DATA TO PROCESS section start

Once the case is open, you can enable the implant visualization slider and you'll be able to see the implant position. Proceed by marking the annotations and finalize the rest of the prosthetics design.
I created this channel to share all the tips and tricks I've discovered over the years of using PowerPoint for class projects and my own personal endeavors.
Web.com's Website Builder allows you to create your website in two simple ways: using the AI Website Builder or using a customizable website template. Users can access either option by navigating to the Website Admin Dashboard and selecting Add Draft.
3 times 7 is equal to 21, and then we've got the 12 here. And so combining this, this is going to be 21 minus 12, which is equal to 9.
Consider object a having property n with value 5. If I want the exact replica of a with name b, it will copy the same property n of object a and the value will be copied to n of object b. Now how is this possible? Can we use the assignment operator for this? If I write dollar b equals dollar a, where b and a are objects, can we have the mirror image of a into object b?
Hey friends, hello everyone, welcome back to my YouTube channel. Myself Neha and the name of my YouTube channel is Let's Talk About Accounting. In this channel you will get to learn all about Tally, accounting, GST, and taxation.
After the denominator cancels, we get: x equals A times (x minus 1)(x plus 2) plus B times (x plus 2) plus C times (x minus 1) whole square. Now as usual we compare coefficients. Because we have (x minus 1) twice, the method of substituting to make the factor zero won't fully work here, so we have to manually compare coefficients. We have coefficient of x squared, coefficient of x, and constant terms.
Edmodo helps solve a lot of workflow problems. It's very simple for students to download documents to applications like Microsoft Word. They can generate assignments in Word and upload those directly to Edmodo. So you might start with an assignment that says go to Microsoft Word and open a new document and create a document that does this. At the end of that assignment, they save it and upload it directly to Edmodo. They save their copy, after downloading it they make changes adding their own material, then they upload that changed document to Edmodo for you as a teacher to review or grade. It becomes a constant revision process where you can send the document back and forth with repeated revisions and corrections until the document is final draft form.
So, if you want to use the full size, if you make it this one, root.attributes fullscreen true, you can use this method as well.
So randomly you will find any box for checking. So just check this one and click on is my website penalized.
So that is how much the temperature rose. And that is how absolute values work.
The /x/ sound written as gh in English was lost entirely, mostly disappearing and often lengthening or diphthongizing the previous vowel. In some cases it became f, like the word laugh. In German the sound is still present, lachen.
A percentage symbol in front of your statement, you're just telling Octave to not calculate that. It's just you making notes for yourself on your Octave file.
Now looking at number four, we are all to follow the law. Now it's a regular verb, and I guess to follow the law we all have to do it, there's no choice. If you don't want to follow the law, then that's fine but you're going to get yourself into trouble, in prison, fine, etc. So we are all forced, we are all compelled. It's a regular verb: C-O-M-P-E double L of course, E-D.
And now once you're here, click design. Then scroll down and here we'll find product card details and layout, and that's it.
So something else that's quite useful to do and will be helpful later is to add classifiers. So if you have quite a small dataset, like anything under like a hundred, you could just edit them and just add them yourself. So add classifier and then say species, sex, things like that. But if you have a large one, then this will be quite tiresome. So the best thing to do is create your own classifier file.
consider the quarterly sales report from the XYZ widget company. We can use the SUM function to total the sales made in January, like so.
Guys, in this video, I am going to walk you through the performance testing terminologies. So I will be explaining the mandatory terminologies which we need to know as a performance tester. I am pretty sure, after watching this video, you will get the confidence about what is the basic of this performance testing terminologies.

DATA TO PROCESS section end

ASSIGNED TASK:
Return all the lines shown above, word for word.

THE COMPLETED TASK:
Once the case is open, you can enable the implant visualization slider and you'll be able to see the implant position. Proceed by marking the annotations and finalize the rest of the prosthetics design.
I created this channel to share all the tips and tricks I've discovered over the years of using PowerPoint for class projects and my own personal endeavors.
Web.com's Website Builder allows you to create your website in two simple ways: using the AI Website Builder or using a customizable website template. Users can access either option by navigating to the Website Admin Dashboard and selecting Add Draft.
3 times 7 is equal to 21, and then we've got the 12 here. And so combining this, this is going to be 21 minus 12, which is equal to 9.
Consider object a having property n with value 5. If I want the exact replica of a with name b, it will copy the same property n of object a and the value will be copied to n of object b. Now how is this possible? Can we use the assignment operator for this? If I write dollar b equals dollar a, where b and a are objects, can we have the mirror image of a into object b?
Hey friends, hello everyone, welcome back to my YouTube channel. Myself Neha and the name of my YouTube channel is Let's Talk About Accounting. In this channel you will get to learn all about Tally, accounting, GST, and taxation.
After the denominator cancels, we get: x equals A times (x minus 1)(x plus 2) plus B times (x plus 2) plus C times (x minus 1) whole square. Now as usual we compare coefficients. Because we have (x minus 1) twice, the method of substituting to make the factor zero won't fully work here, so we have to manually compare coefficients. We have coefficient of x squared, coefficient of x, and constant terms.
Edmodo helps solve a lot of workflow problems. It's very simple for students to download documents to applications like Microsoft Word. They can generate assignments in Word and upload those directly to Edmodo. So you might start with an assignment that says go to Microsoft Word and open a new document and create a document that does this. At the end of that assignment, they save it and upload it directly to Edmodo. They save their copy, after downloading it they make changes adding their own material, then they upload that changed document to Edmodo for you as a teacher to review or grade. It becomes a constant revision process where you can send the document back and forth with repeated revisions and corrections until the document is final draft form.
So, if you want to use the full size, if you make it this one, root.attributes fullscreen true, you can use this method as well.
So randomly you will find any box for checking. So just check this one and click on is my website penalized.
So that is how much the temperature rose. And that is how absolute values work.
The /x/ sound written as gh in English was lost entirely, mostly disappearing and often lengthening or diphthongizing the previous vowel. In some cases it became f, like the word laugh. In German the sound is still present, lachen.
A percentage symbol in front of your statement, you're just telling Octave to not calculate that. It's just you making notes for yourself on your Octave file.
Now looking at number four, we are all to follow the law. Now it's a regular verb, and I guess to follow the law we all have to do it, there's no choice. If you don't want to follow the law, then that's fine but you're going to get yourself into trouble, in prison, fine, etc. So we are all forced, we are all compelled. It's a regular verb: C-O-M-P-E double L of course, E-D.
And now once you're here, click design. Then scroll down and here we'll find product card details and layout, and that's it.
So something else that's quite useful to do and will be helpful later is to add classifiers. So if you have quite a small dataset, like anything under like a hundred, you could just edit them and just add them yourself. So add classifier and then say species, sex, things like that. But if you have a large one, then this will be quite tiresome. So the best thing to do is create your own classifier file.
consider the quarterly sales report from the XYZ widget company. We can use the SUM function to total the sales made in January, like so.
Guys, in this video, I am going to walk you through the performance testing terminologies. So I will be explaining the mandatory terminologies which we need to know as a performance tester. I am pretty sure, after watching this video, you will get the confidence about what is the basic of this performance testing terminologies.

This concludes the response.